** Data extract follows **

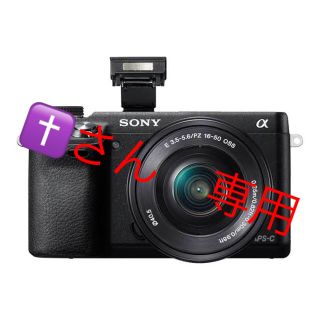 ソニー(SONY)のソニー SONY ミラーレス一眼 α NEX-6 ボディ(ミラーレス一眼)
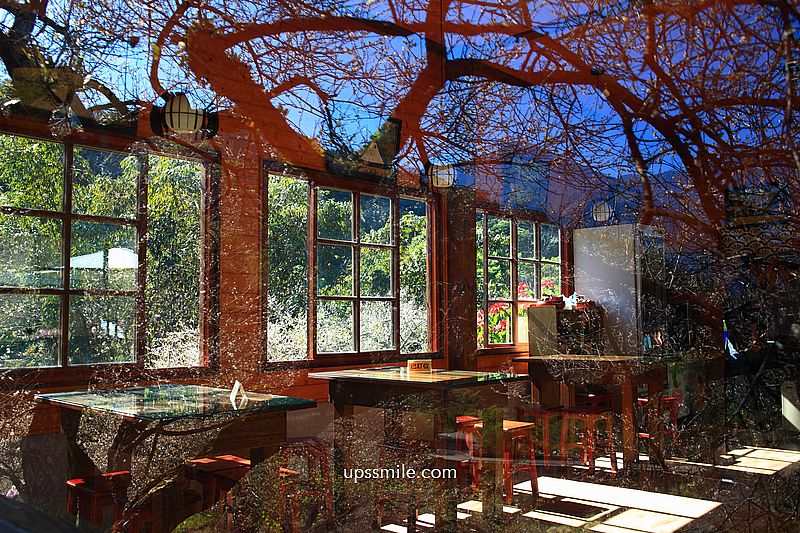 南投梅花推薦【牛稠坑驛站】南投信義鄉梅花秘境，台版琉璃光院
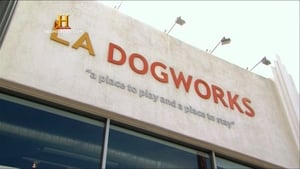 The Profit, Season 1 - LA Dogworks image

** End of Data extract **

Exercise details
Since the pictures are not part of the copy, transcribe only the remaining material, exactly.

Written solution
 ソニー(SONY)のソニー SONY ミラーレス一眼 α NEX-6 ボディ(ミラーレス一眼)
 南投梅花推薦【牛稠坑驛站】南投信義鄉梅花秘境，台版琉璃光院
 The Profit, Season 1 - LA Dogworks image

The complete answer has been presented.